• [DATA FOR THE TASK]
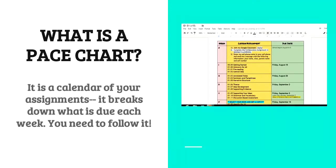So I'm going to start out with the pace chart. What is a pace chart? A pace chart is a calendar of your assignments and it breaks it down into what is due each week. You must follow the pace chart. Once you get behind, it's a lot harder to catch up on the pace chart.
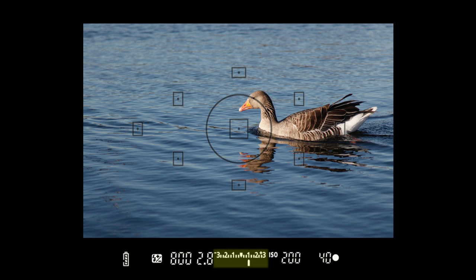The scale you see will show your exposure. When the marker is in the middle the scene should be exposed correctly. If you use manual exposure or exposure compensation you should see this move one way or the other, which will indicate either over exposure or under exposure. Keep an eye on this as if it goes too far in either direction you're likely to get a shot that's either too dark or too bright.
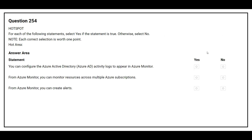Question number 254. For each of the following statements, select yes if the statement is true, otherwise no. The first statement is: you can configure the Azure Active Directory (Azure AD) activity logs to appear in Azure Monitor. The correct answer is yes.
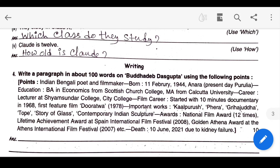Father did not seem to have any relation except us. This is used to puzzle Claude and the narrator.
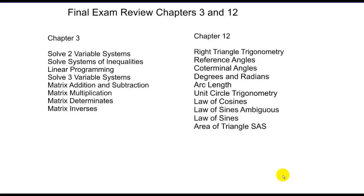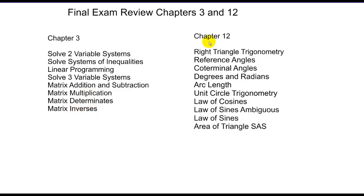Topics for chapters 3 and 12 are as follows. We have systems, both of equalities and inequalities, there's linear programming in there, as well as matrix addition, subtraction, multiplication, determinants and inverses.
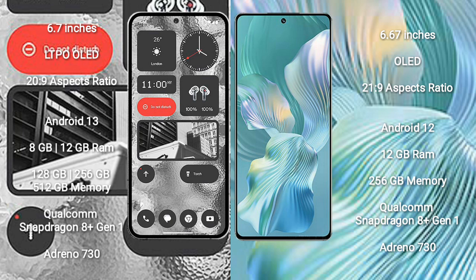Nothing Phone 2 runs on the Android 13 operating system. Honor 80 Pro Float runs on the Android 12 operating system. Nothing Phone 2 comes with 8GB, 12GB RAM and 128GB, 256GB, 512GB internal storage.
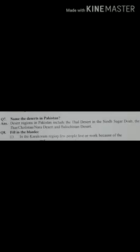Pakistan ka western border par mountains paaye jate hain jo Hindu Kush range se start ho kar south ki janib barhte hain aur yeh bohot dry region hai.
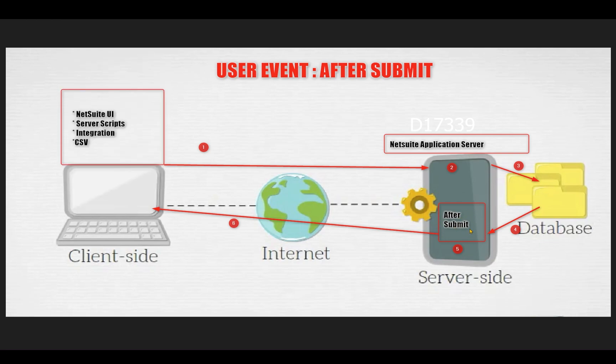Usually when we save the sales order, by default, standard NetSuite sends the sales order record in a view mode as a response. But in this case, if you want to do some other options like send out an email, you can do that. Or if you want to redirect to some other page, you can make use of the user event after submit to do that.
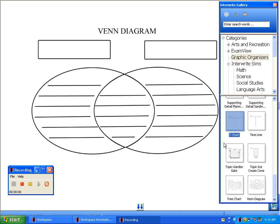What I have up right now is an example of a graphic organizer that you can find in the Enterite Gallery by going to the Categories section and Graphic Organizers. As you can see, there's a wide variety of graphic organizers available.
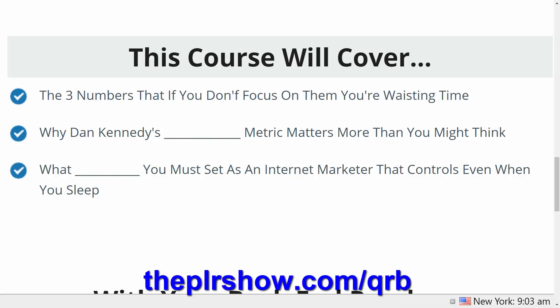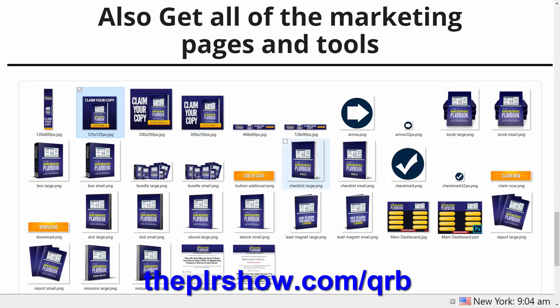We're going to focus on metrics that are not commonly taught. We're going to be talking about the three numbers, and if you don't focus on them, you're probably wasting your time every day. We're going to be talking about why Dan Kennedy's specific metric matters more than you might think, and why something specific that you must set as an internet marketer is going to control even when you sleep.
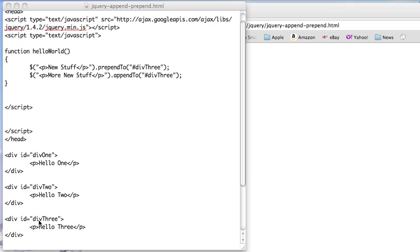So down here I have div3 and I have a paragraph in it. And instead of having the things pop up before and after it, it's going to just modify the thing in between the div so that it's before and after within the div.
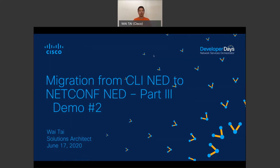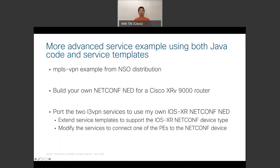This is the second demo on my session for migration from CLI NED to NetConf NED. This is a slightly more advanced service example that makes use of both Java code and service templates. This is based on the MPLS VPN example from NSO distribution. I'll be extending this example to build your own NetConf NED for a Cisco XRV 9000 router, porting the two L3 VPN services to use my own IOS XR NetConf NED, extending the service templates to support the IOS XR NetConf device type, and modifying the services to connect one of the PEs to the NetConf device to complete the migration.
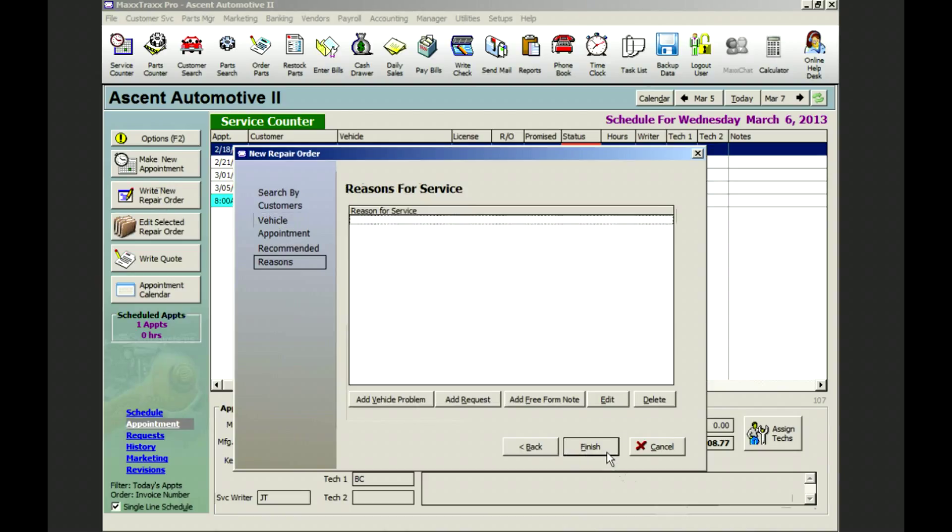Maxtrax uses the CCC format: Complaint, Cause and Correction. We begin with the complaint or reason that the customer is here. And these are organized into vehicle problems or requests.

* * *

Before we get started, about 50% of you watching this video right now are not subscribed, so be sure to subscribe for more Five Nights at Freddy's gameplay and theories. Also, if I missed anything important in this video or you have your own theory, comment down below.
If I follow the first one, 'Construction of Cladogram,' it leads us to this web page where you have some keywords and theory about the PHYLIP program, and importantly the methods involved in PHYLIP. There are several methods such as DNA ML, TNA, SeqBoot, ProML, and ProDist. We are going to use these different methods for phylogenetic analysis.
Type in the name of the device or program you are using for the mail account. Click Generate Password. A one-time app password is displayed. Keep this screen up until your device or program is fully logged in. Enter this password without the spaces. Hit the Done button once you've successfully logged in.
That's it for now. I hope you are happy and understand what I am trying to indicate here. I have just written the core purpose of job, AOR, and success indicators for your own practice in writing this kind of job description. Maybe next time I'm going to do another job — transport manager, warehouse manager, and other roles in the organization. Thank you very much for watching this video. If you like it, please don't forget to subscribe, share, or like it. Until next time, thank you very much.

--

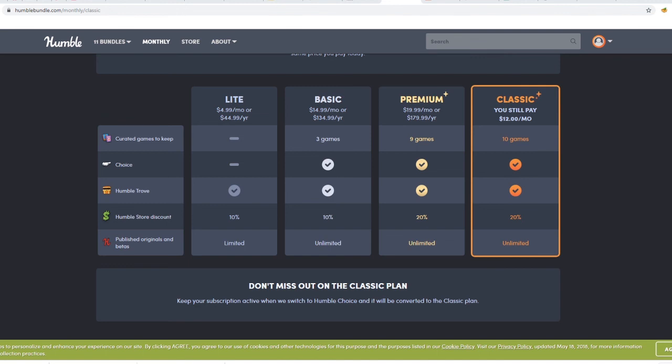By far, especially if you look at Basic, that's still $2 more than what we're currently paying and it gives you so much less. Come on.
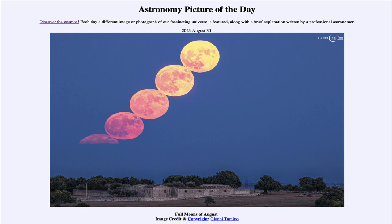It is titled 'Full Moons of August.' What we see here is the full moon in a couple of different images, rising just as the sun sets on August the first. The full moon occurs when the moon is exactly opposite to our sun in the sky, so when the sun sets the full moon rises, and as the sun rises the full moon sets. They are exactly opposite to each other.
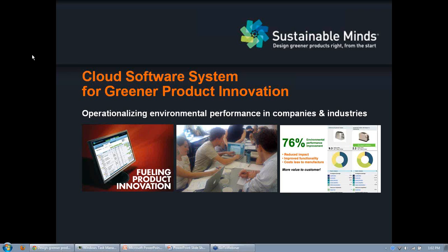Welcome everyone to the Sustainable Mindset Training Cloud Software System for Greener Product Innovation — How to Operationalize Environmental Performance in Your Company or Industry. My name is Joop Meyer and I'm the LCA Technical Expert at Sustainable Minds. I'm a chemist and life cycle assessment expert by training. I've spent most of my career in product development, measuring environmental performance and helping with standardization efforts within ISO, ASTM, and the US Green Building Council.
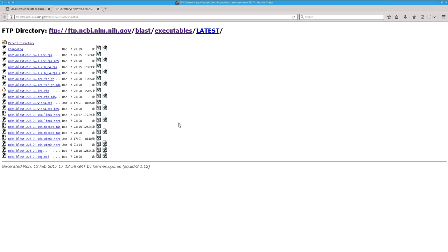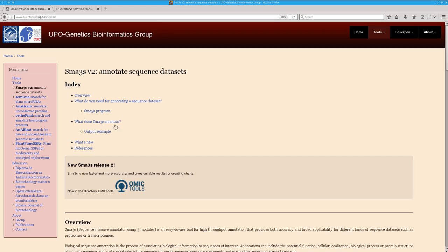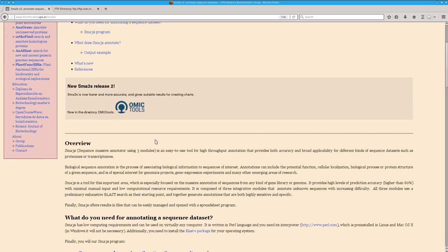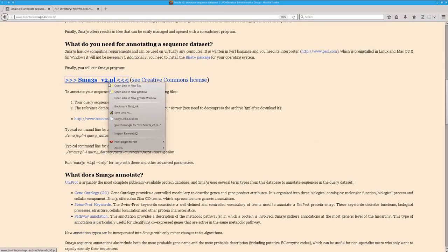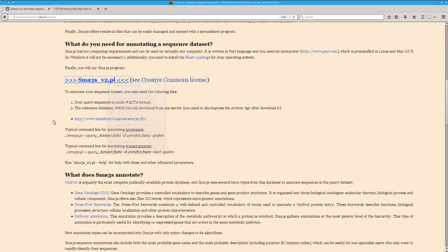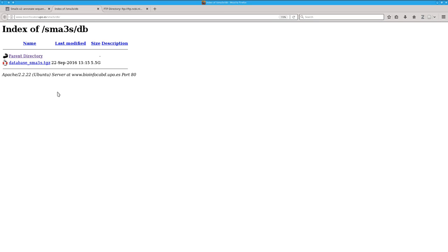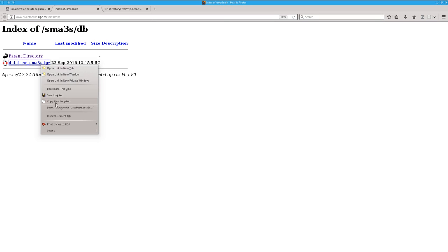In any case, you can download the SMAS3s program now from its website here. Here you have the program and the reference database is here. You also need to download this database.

• [EXERCISE GOAL]
Go through the records and tally the lines that include "theory". Write only the number.

• [ANSWER FOR THE TASK]
2